There are basically 2 options how to handle A{i} groups:
- distribute hard limit to (A.limit - C.soft_limit)
- set soft limit to 0
The first option is impractical because it would throttle A{i} even
though there is quite some idle memory laying around. The later option
would certainly work because A{i} would get reclaimed all the time there
is a pressure coming from A. This however basically disables any soft
limit settings down A{i} hierarchies which sounds unnecessarily strict
(not mentioning that we have to set up a limit for every A{i}).
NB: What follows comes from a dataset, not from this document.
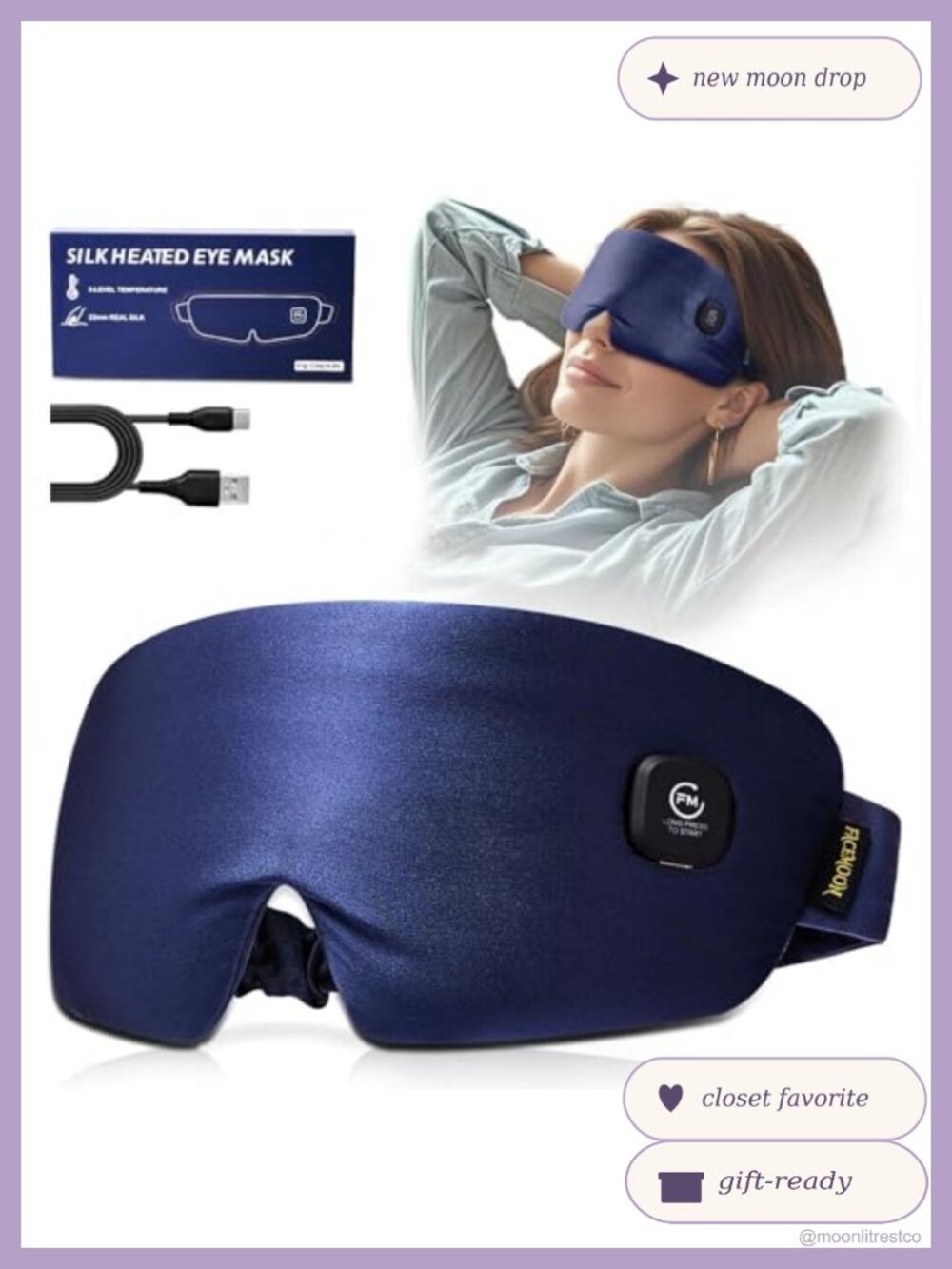 Heated Eye Mask Mulberry Silk Cordless Warm Compress for Dry Eyes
Moreover if A is the root memcg then there is no reasonable way to make
it stop interefering with other loads because setting the soft limit
would kill the limits downwards and the hard limit is not possible to
set.
Neither of the extremes - unlimited vs. 0 - are ideal apparently. There
is a compromise we can do, though. This patch doesn't change the default
soft limit value. Rather than that it distinguishes groups with soft
limit enabled - it has been set by an user - and disabled which comes
as a default. Unlike groups with the limit set to 0 such groups do not
propagate their reclaimable state down the hierarchy so they act only
for themselves.
Getting back to the previous example. Only C would get a limit from
admin and the reclaim would reclaim all A{i} and C eventually when it
crosses its limit.
This means that soft limit is much easier to maintain now because only
those groups that are interesting (that the administrator know how much
pushback makes sense for a graceful overcommit handling) need to be
taken care about and the rest of the groups is reclaimed proportionally.
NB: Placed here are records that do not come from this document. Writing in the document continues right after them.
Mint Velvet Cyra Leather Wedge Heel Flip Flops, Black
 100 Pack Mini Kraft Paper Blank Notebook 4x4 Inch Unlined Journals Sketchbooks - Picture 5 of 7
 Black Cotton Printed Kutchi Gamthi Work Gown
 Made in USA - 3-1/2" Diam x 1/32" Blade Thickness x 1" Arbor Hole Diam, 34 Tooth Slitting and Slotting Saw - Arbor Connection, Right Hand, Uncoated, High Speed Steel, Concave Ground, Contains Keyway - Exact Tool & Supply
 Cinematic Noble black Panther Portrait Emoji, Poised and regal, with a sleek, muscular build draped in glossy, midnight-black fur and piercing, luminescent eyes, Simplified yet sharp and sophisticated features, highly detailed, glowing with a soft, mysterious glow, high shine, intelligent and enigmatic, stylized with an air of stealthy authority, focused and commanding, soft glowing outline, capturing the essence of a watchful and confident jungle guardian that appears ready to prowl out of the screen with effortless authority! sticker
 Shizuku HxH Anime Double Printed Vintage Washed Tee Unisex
TODO: How do we present default unlimited vs. RESOURCE_MAX set by
the user? One possible way could be returning -1 for RES_SOFT_LIMIT &&
!soft_limited.
TODO: update doc
Changes since v1
- return -1 when reading memory.soft_limit_in_bytes for unlimited
groups.
- reorganized checks in mem_cgroup_soft_reclaim_eligible to be more
readable.
Signed-off-by: Michal Hocko <mhocko@suse.cz>
---
mm/memcontrol.c | 32 +++++++++++++++++++++++++++-----
1 file changed, 27 insertions(+), 5 deletions(-)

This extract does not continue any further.